/ember-csi

Multi-vendor CSI plugin supporting over 80 storage drivers

Primary LanguagePythonOtherNOASSERTION

Ember CSI

Docker build status Docker build PyPi PyVersion License

Multi-vendor CSI plugin driver supporting over 80 storage drivers in a single plugin to provide block and mount storage to Container Orchestration systems.

  • Free software: Apache Software License 2.0
  • Documentation: Pending

Features

This CSI driver is up to date with latest CSI specs including the new snapshots feature recently introduced.

Currently supported features are:

  • Create block volume
  • Creating snapshots
  • Creating a block volume from a snapshot
  • Delete block volume
  • Deleting snapshots
  • Listing volumes with pagination
  • Listing snapshots with pagination
  • Attaching volumes
  • Detaching volumes
  • Reporting storage capacity
  • Probing the node
  • Retrieving the plugin info

Runtime Dependencies

This driver requires that Cinder v11.0 (OSP-12/Pike) is already installed in the system, how this is accomplished is left to the installer, as there are multiple ways this can be accomplished:

  • From OSP repositories
  • From RDO repositories
  • From github
  • From other repositories

Any other basic requirement is already handled by ember-csi when installing from PyPi.

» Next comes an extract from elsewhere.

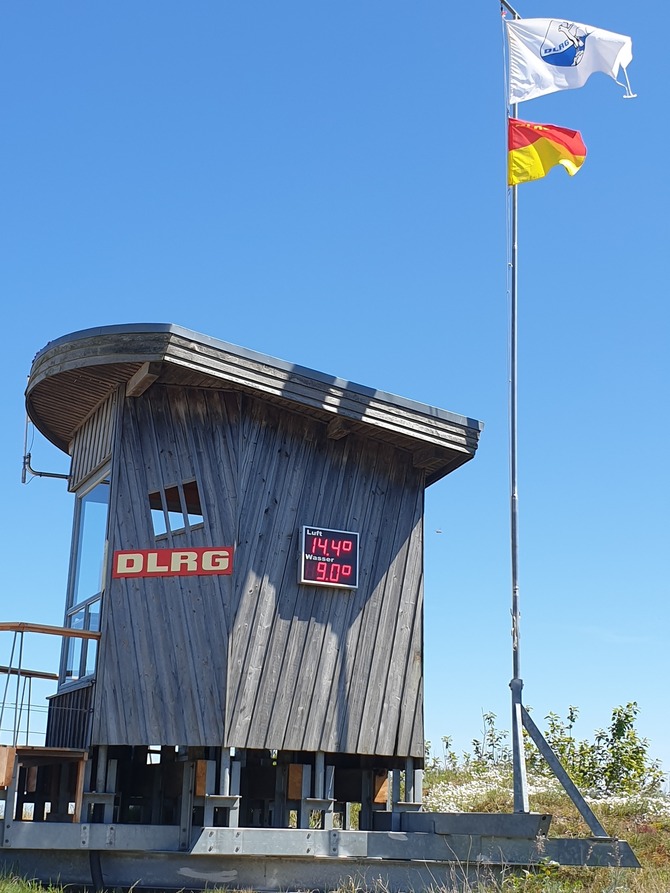 Ferienwohnung in Baabe - Dünenkieker - Bild 13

Besides the basic dependencies there are also some drivers that have additional requirements that must be met for proper operation of the driver and/or attachment/detachment operations, just like in Cinder.

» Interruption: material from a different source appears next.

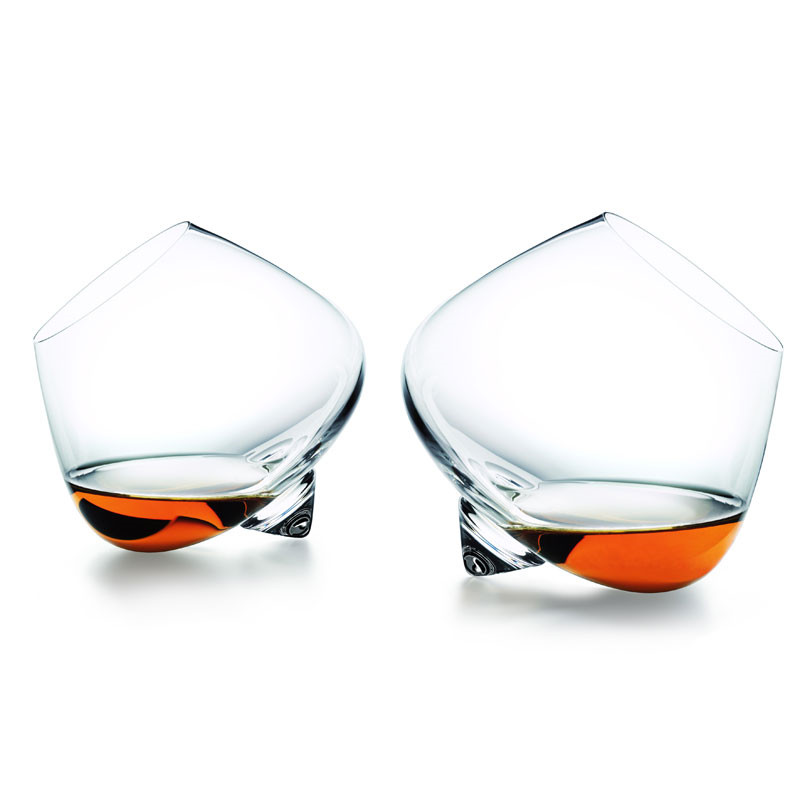 Normann Cph Normann Cph Cognac Glasses Stort Januarudsalg Med Op Til 70% Rabat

Some of these Python dependencies for the Controller servicer are:

  • DRBD: dbus and drbdmanage
  • HPE 3PAR: python-3parclient
  • Kaminario: krest
  • Pure: purestorage
  • Dell EMC VMAX, IBM DS8K: pyOpenSSL
  • HPE Lefthad: python-lefthandclient
  • Fujitsu Eternus DX: pywbem
  • IBM XIV: pyxcli
  • RBD: rados and rbd
  • Dell EMC VNX: storops
  • Violin: vmemclient
  • INFINIDAT: infinisdk, capacity, infy.dtypes.wwn, infi.dtypes.iqn

Other backends may also require additional packages, for example LVM on CentOS/RHEL requires the targetcli package, so please check with your hardware vendor.

Besides the Controller requirements there are usually requirements for the Node servicer needed to handle the attaching and detaching of volumes to the node based on the connection used to access the storage. For example:

  • iSCSI: iscsi-initiator-tools and device-mapper-multipath
  • RBD/Ceph: ceph-common package

Installation

First we need to install the Cinder Python package, for example to install from RDO on CentOS:

    $ sudo yum install -y centos-release-openstack-pike
    $ sudo yum install -y openstack-cinder python-pip

Then we just need to install the ember-csi package:

    $ sudo pip install ember-csi

Now we should install any additional package required by our backend.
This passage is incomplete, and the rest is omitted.